Notice that the method we use here is to check whether each character is a digit or not.

3. Rotate each alphabetical letter

char rotate(char c, int key)
{
    if (!isalpha(c))
        return c;
    else
    {
        if (isupper(c))
        {
            int result = ((int) (c - 'A') + key) % 26 + (int) 'A';
            return (char) result;
        }
        else
        {
            c = toupper(c);
            int result = ((int) (c - 'A') + key) % 26 + (int) 'a';
            return (char) result;
        }
    }
}

Notice that the method we use here is to check whether each character is a digit or not.

Take-aways

1. The get_string() provided in the <cs50.h> won't truncate the extra white space behind.
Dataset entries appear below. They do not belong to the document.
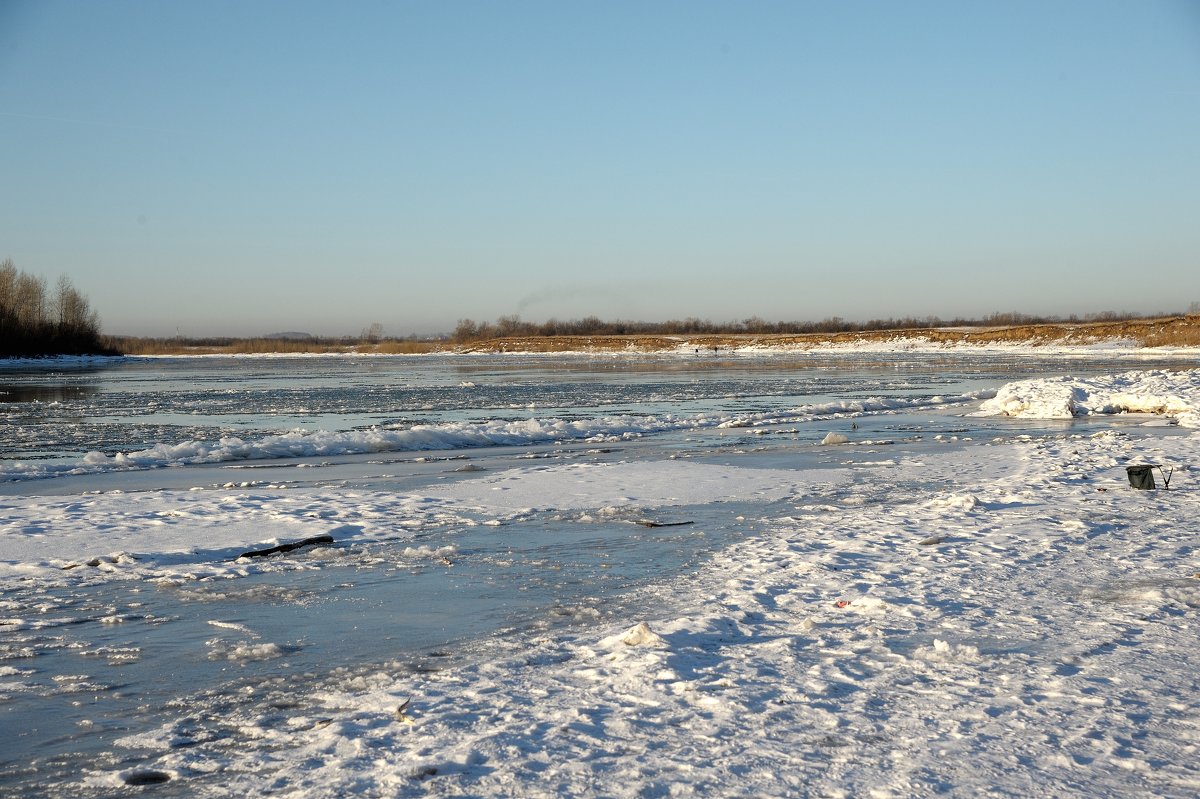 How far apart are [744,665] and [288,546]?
5.01 metres

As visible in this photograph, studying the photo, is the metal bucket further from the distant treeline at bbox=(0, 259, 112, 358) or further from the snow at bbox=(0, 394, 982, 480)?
the distant treeline at bbox=(0, 259, 112, 358)

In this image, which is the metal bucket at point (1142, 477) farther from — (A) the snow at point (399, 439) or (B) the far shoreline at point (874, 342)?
(B) the far shoreline at point (874, 342)

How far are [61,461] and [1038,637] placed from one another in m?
15.4

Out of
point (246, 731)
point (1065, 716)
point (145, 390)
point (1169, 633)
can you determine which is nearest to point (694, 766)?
point (1065, 716)

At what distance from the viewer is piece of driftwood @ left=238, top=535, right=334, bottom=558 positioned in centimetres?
859

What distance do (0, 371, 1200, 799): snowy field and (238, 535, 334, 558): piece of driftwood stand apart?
0.55 feet

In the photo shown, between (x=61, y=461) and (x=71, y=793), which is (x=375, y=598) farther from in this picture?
(x=61, y=461)

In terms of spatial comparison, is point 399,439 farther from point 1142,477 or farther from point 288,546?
point 1142,477

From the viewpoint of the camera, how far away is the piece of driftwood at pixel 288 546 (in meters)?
8.59

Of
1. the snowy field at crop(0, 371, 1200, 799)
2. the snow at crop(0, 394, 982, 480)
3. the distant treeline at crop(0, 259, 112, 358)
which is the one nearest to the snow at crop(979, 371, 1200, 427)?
the snow at crop(0, 394, 982, 480)

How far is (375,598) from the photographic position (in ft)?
23.1

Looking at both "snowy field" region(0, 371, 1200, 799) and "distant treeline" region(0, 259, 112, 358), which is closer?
"snowy field" region(0, 371, 1200, 799)

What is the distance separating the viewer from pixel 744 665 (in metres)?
5.34

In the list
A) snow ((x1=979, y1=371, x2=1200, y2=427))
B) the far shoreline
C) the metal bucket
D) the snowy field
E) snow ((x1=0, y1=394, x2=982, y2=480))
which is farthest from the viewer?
the far shoreline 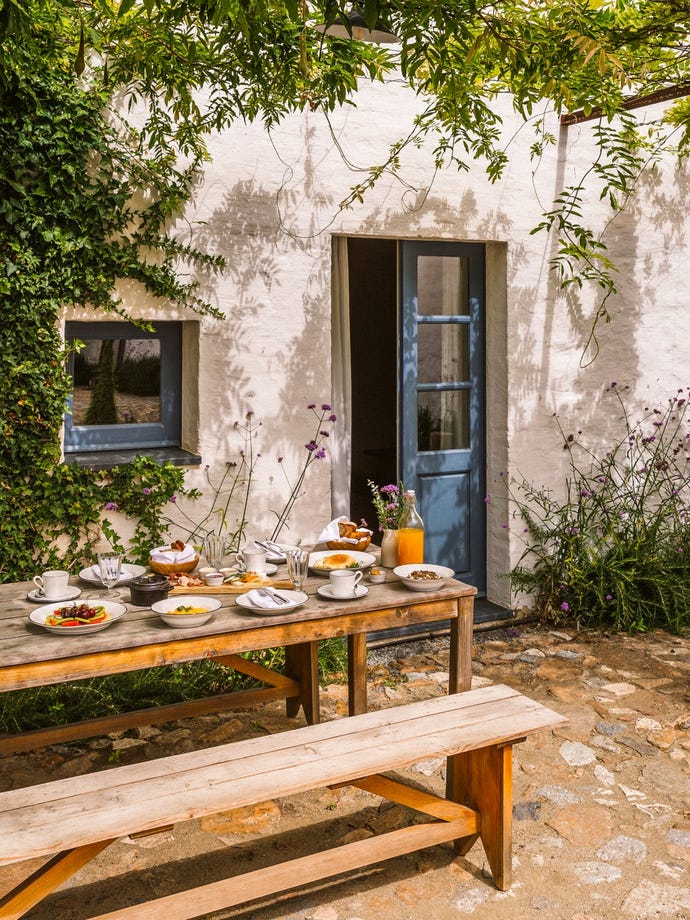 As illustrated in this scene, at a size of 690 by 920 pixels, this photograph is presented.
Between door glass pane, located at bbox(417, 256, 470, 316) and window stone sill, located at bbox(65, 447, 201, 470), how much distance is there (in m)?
1.71

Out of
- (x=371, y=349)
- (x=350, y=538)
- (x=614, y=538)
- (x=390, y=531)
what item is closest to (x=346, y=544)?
(x=350, y=538)

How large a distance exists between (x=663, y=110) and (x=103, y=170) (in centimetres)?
370

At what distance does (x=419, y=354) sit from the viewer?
5.30 m

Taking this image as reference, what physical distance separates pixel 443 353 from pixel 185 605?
2959 mm

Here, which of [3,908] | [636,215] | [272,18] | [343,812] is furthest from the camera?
[636,215]

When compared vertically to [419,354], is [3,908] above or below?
below

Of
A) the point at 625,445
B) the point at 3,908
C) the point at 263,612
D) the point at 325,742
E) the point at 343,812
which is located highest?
the point at 625,445

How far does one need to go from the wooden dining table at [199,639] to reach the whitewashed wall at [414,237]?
132 centimetres

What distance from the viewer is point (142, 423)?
4648mm

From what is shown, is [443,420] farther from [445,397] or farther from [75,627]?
[75,627]

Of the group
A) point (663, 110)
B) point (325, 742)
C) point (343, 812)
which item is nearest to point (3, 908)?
point (325, 742)

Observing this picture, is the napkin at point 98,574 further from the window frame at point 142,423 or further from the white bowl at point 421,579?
the window frame at point 142,423

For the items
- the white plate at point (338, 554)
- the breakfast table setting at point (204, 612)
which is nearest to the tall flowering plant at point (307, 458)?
the breakfast table setting at point (204, 612)

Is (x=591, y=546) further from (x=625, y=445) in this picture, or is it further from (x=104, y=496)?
(x=104, y=496) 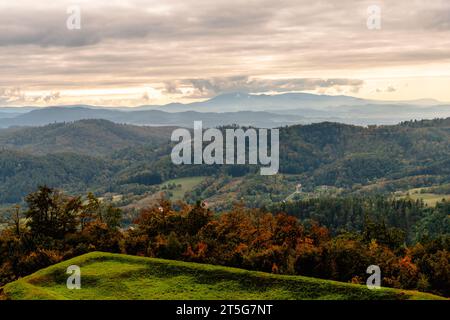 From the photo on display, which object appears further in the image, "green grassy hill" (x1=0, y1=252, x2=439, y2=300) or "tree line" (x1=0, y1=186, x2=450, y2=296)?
"tree line" (x1=0, y1=186, x2=450, y2=296)

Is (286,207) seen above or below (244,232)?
below

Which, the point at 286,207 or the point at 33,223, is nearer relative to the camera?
the point at 33,223

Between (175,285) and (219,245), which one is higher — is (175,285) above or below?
below

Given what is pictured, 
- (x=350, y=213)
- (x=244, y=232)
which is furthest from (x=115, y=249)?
(x=350, y=213)

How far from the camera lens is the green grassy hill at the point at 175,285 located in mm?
34281

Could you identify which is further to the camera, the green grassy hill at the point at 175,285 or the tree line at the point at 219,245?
the tree line at the point at 219,245

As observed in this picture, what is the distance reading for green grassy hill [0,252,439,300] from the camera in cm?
3428

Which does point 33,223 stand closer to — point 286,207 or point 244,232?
point 244,232

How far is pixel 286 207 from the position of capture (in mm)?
184250

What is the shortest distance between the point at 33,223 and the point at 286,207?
453 ft

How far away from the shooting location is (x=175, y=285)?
3738cm

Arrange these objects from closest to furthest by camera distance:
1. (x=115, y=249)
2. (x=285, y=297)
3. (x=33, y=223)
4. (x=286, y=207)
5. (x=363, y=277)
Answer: (x=285, y=297)
(x=363, y=277)
(x=115, y=249)
(x=33, y=223)
(x=286, y=207)

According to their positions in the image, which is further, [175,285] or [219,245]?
[219,245]

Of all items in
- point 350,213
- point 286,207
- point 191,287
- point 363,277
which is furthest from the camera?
point 286,207
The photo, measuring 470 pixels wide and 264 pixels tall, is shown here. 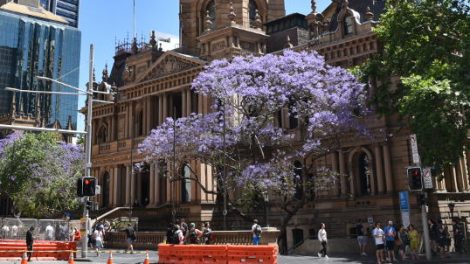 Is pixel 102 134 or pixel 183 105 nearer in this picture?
pixel 183 105

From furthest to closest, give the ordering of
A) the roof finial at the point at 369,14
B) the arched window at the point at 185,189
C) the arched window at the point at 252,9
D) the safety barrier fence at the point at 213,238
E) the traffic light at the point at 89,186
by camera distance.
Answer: the arched window at the point at 252,9
the arched window at the point at 185,189
the roof finial at the point at 369,14
the safety barrier fence at the point at 213,238
the traffic light at the point at 89,186

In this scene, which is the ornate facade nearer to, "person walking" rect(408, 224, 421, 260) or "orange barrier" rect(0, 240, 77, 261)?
"person walking" rect(408, 224, 421, 260)

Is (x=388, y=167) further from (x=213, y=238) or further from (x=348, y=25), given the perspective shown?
(x=213, y=238)

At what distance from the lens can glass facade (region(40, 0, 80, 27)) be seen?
142 metres

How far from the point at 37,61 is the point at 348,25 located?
7942cm

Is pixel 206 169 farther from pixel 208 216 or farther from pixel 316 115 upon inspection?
pixel 316 115

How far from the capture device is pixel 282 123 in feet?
133

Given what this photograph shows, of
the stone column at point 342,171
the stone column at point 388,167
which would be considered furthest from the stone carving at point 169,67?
the stone column at point 388,167

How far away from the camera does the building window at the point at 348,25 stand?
37.3m

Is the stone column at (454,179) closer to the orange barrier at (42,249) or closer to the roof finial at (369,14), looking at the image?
the roof finial at (369,14)

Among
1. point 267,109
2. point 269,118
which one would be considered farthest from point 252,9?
point 267,109

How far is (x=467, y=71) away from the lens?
69.2 feet

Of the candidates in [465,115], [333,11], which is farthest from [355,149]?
[465,115]

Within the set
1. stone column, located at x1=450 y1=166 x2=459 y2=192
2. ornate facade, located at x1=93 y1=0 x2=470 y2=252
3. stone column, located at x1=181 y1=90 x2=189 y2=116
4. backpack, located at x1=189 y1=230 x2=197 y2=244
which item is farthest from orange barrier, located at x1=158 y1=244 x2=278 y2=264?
stone column, located at x1=181 y1=90 x2=189 y2=116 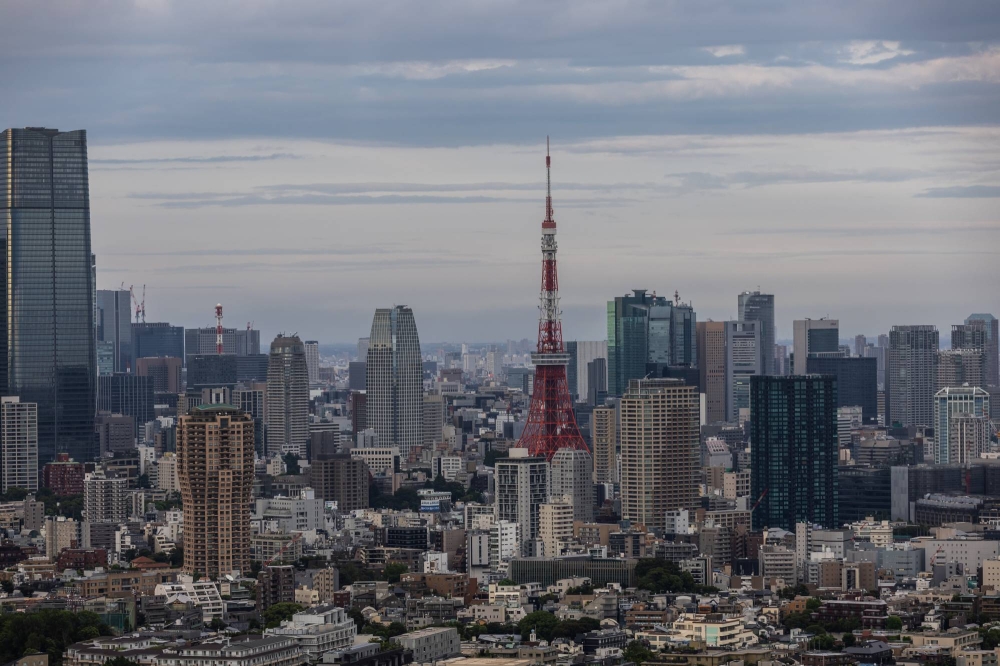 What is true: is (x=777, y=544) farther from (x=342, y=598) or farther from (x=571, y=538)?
(x=342, y=598)

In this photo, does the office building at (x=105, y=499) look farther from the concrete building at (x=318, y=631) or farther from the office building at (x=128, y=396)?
the office building at (x=128, y=396)

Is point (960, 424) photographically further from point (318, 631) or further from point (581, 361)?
point (318, 631)

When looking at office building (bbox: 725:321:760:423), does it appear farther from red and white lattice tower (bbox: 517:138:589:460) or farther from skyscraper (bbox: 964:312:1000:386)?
red and white lattice tower (bbox: 517:138:589:460)

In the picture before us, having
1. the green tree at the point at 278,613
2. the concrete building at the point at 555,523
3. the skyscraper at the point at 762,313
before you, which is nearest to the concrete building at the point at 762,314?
the skyscraper at the point at 762,313

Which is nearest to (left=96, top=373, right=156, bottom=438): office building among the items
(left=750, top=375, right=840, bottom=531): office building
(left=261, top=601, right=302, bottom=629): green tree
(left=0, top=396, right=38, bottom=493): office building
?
(left=0, top=396, right=38, bottom=493): office building

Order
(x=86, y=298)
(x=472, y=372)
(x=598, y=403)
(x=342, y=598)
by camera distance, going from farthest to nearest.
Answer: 1. (x=472, y=372)
2. (x=598, y=403)
3. (x=86, y=298)
4. (x=342, y=598)

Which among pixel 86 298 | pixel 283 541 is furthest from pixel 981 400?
pixel 283 541

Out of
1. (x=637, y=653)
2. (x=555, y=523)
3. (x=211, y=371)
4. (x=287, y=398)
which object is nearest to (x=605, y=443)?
(x=555, y=523)
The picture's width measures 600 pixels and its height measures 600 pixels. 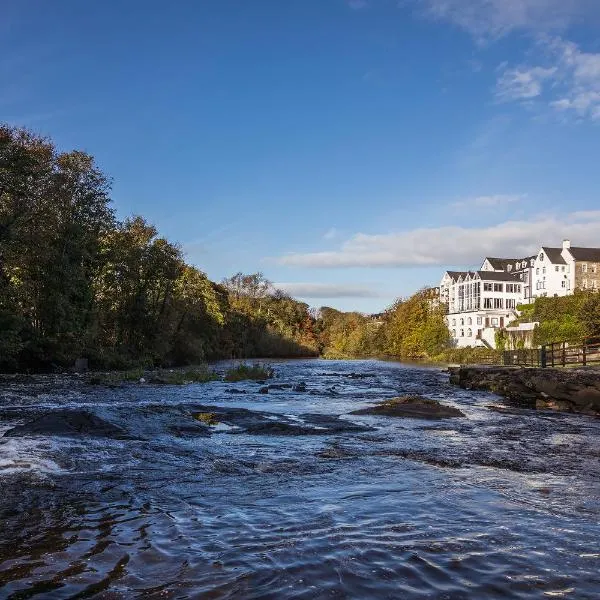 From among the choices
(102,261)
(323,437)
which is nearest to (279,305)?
(102,261)

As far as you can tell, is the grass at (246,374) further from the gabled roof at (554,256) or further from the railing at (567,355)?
the gabled roof at (554,256)

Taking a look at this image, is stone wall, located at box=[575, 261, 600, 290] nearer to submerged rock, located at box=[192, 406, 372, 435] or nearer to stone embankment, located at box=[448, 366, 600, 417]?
stone embankment, located at box=[448, 366, 600, 417]

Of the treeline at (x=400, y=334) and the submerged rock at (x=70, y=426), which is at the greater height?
the treeline at (x=400, y=334)

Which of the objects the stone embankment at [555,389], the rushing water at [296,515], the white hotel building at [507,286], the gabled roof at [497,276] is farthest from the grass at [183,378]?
the gabled roof at [497,276]

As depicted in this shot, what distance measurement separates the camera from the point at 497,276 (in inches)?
4518

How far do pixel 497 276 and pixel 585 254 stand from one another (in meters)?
16.6

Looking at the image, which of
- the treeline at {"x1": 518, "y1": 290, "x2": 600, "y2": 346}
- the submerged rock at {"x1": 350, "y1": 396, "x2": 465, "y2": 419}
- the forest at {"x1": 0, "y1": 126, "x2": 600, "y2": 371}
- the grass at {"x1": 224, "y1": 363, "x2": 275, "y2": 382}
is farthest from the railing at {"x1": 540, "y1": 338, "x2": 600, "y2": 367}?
the treeline at {"x1": 518, "y1": 290, "x2": 600, "y2": 346}

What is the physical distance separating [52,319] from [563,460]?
34.6 meters

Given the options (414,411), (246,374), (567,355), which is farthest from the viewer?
(246,374)

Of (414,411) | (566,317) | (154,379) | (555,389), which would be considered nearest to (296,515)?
(414,411)

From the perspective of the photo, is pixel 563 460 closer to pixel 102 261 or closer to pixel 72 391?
pixel 72 391

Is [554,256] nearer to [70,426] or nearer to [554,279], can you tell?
[554,279]

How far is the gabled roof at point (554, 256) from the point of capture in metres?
105

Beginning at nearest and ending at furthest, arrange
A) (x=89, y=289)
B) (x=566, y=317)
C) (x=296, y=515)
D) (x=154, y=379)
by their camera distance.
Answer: (x=296, y=515)
(x=154, y=379)
(x=89, y=289)
(x=566, y=317) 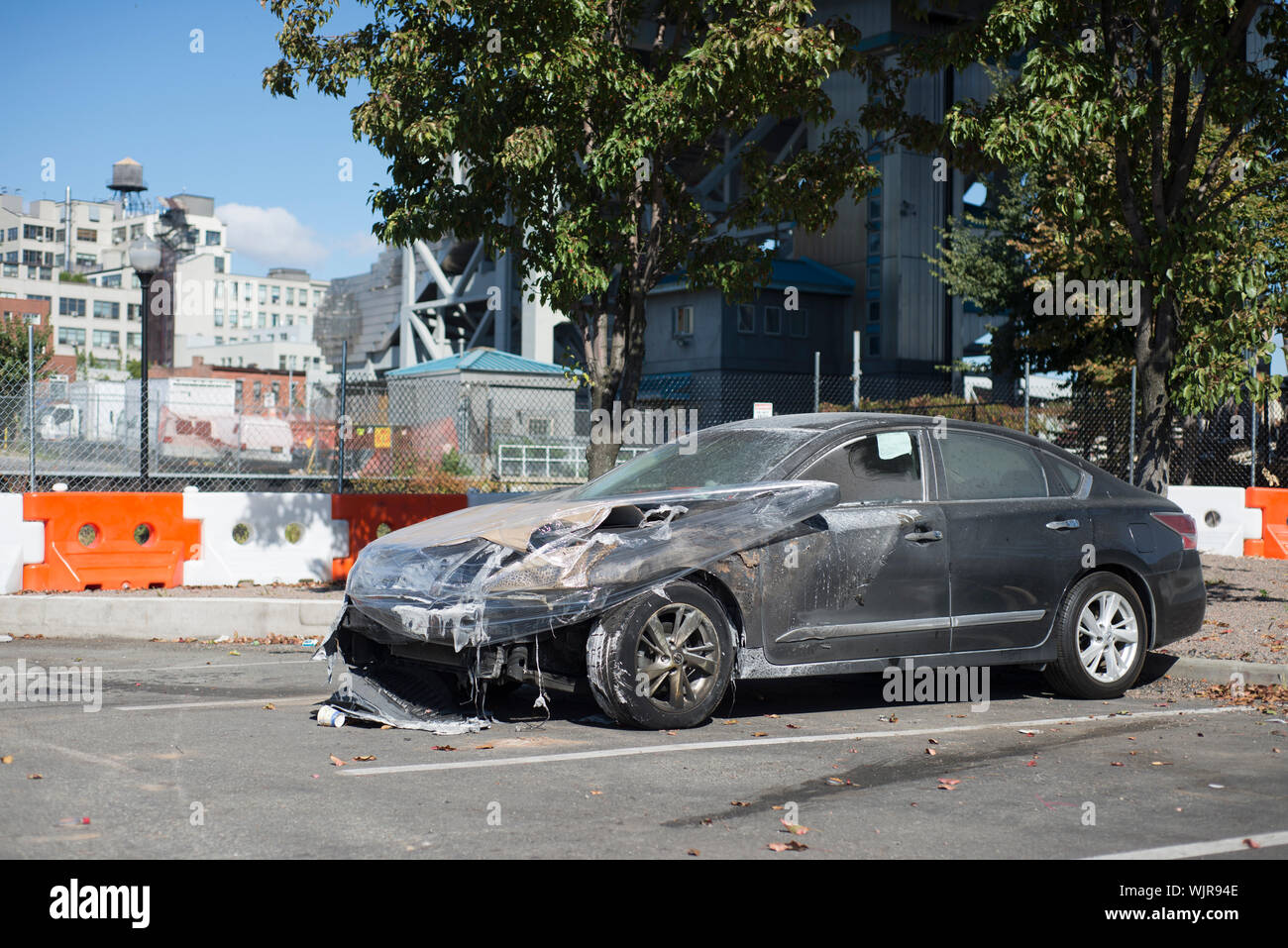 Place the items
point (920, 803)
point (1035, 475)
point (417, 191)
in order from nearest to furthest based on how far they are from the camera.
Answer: point (920, 803), point (1035, 475), point (417, 191)

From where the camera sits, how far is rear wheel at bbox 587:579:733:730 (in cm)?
625

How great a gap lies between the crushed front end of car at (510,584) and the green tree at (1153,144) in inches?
183

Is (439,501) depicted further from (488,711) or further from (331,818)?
(331,818)

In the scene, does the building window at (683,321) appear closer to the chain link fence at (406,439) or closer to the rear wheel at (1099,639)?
the chain link fence at (406,439)

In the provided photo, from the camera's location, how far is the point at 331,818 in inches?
186

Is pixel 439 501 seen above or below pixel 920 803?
above

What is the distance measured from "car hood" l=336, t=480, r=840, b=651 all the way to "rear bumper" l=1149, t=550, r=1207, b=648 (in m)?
2.53

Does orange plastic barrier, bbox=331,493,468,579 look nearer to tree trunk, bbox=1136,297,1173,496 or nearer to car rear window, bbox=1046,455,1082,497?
tree trunk, bbox=1136,297,1173,496

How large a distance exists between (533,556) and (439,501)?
6950mm

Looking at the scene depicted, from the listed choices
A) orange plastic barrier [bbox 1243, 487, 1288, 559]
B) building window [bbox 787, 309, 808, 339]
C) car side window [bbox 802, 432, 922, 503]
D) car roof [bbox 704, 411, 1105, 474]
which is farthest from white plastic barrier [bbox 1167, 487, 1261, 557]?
building window [bbox 787, 309, 808, 339]

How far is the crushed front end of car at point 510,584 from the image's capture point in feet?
20.2

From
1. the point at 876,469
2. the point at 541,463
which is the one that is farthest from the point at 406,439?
the point at 876,469

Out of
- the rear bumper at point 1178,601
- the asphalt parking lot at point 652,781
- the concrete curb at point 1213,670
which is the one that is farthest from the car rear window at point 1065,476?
the concrete curb at point 1213,670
For example, if you input 123 , the extra white space behind 3 will also be counted into the string. But in this problem, because of the use of string argv[], it will use white space to seperate between strings, so the extra white space won't be counted to argv[1], and it will only contain 123\0.

03 Subtitution - Hard

Things to notice in the problem statement

1. Every character in the key must be alphabetical, case-sensitive and appear only once, which means c and C can not appear in the key at the same time.

Dividie and Conquer

Procedure Main
    Ensure the program was run with exactly one command-line argument
    Verify that the key (argv[1]) is valid
    Convert argv[1] from a string to an integer
    Prompt the user for plaintext
    For each character in the plaintext
        Find the corresponding encrypted character if it is a letter
    End For
End Procedure

Useful Snippets

1. Validate the key

   1. $O(n^2)$ method.

   int validate_key(string key)
   {
       int i, l, j;
   
       for (i = 0, l = strlen(key); i < l; i++)
       {
           if (!isalpha(key[i]))
               return 1;
           for (j = i+1; j < l; j++)
           {
               if (toupper(key[j]) == toupper(key[i]))
                   return 1;
           }
       }
   
       return 0;
   }

   1. $O(n)$ method

   int validate_key(string key)
   {
       int record[26] = {0};
   
       for (int i = 0, l = strlen(key); i < l; i++)
       {
           int index = toupper(key[i]) - 'A';
           if (!isalpha(key[i]))
               return 1;
           else if (record[index] == 1)
               return 1;
           else
               record[index] = 1;
       }
       return 0;
   }

2. Encrypt the alphabetical character

char encrypt(char c, string key)
{
    int index;
    int case_indicator = 0;

    if (!isalpha(c))
        return c;
    else
    {
        // calculate the index and record the case_indicator
        if (isupper(c))
        {
            index = (int) c - 'A';
            case_indicator = 1;
        }
        else if (islower(c))
        {
            index = (int) c - 'a';
            case_indicator = 0;
        }

        if (case_indicator)
            return toupper(key[index]);
        else
            return tolower(key[index]);
    }
}

Take-aways

1. In the validation part, the idea of keep tracking is important and will decrease the time compelxity tremendously.

2. The idea of index in the letter and array problem is important also. If it is case-sensitive in the problem, we can use toupper() or tolower() to map the letter to its index.